PROVIDED RECORDS:
#####

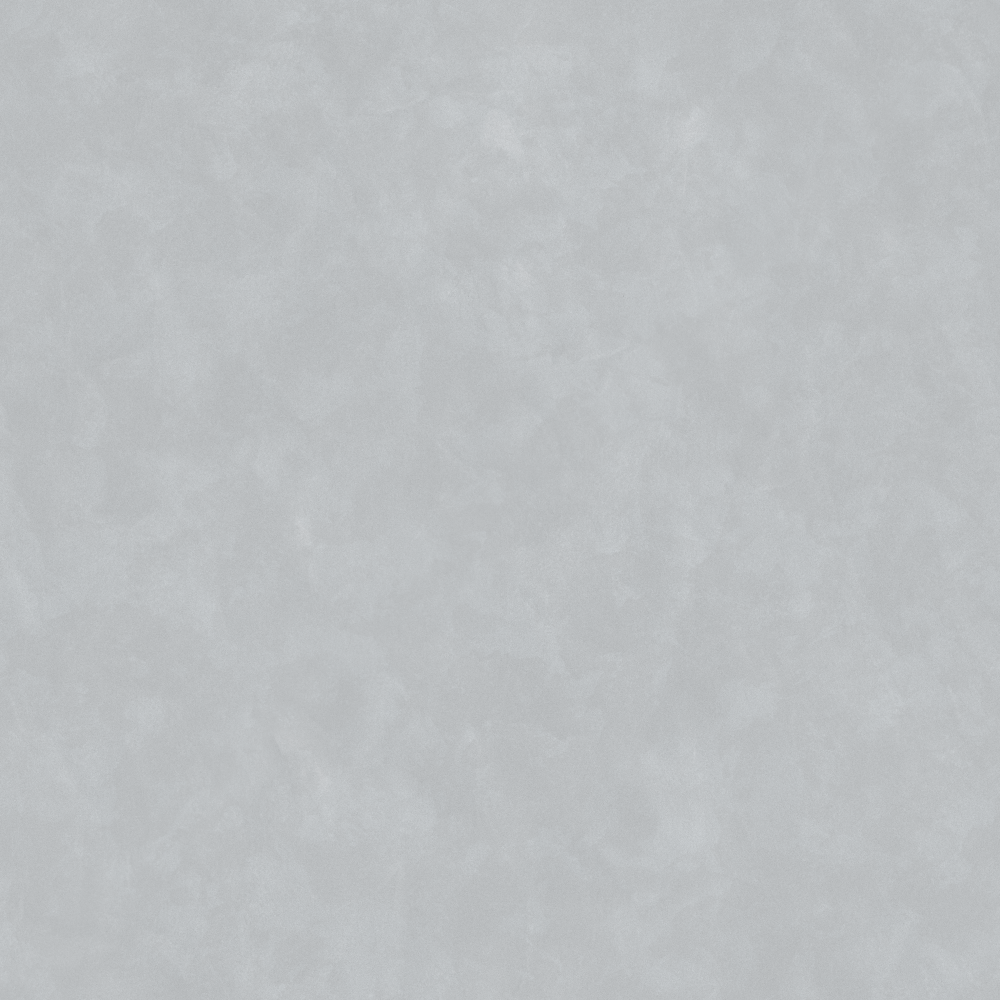 (Velvet Batch Coating) RHN-O010 Lake Light in Snow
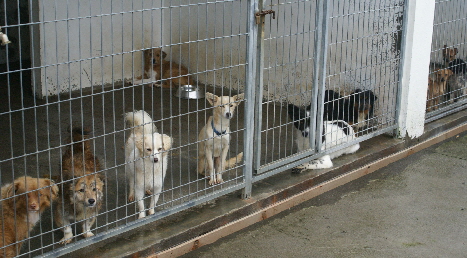 Azoren_2013_DSC00247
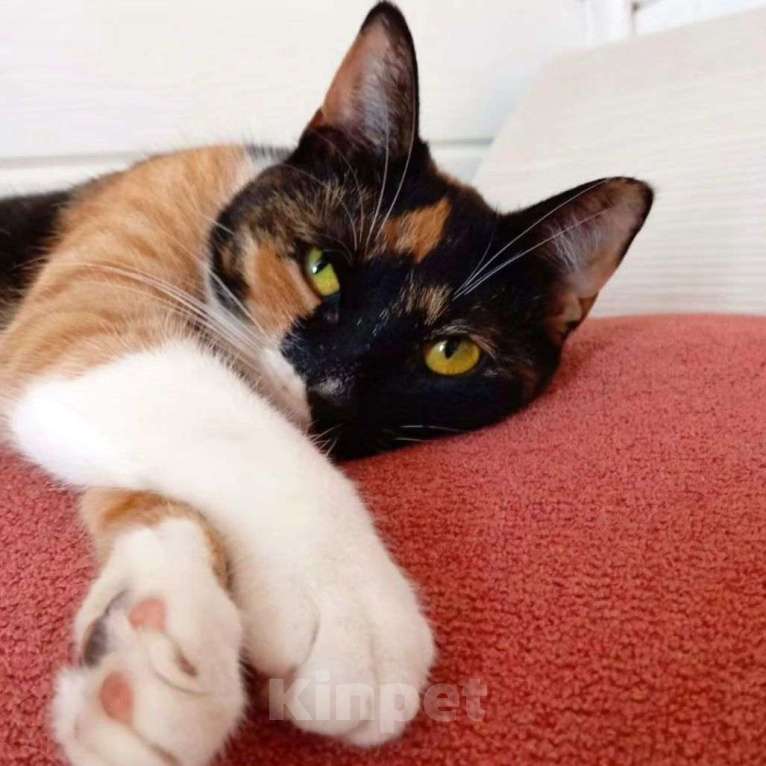 Кошки в Москве: Шоколадке не везёт Девочка, Бесплатно - фото 4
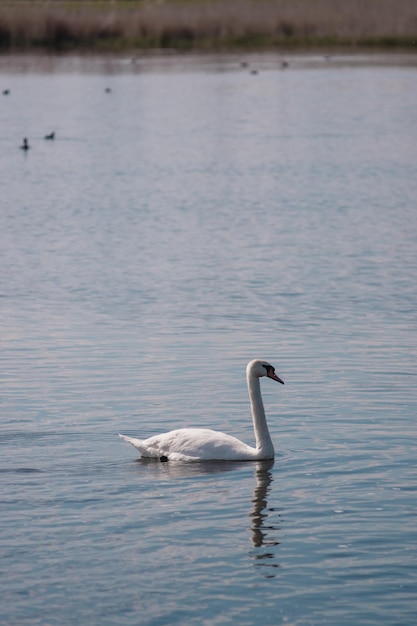 Cygne blanc dans l'étang Lac des cygnes Oiseau blanc sauvage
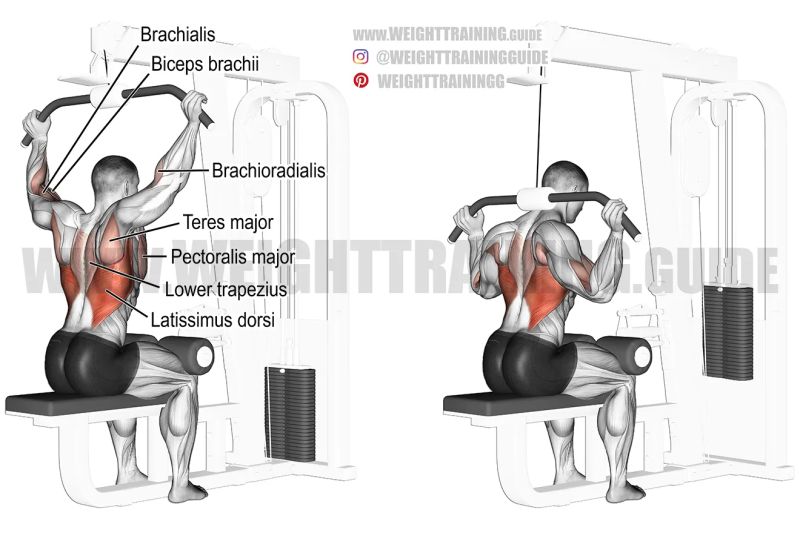 Lat Pulldown Vs Seated Row Major Differences Explained Artofit - Best Colorful Designs in High Resolution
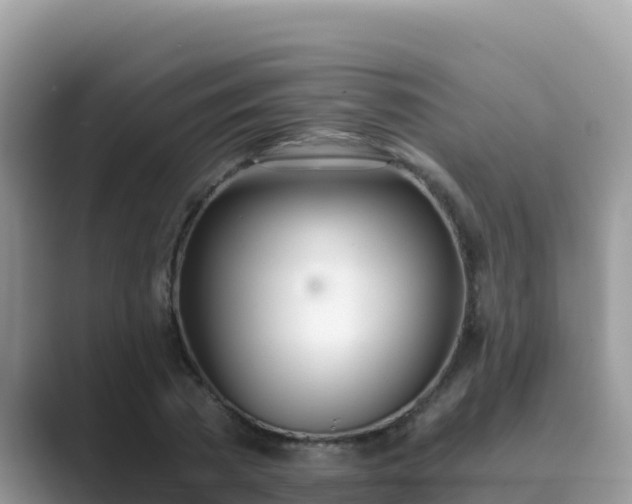 X0000089830785200707051038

#####

WORK TASK: Transcribe exactly the lines above, running from the one that contains "Кошки в Москве: Шоколадке" through the final line of the listing, and skip every picture.

RESULT OF THE EXERCISE:
 Кошки в Москве: Шоколадке не везёт Девочка, Бесплатно - фото 4
 Cygne blanc dans l'étang Lac des cygnes Oiseau blanc sauvage
 Lat Pulldown Vs Seated Row Major Differences Explained Artofit - Best Colorful Designs in High Resolution
 X0000089830785200707051038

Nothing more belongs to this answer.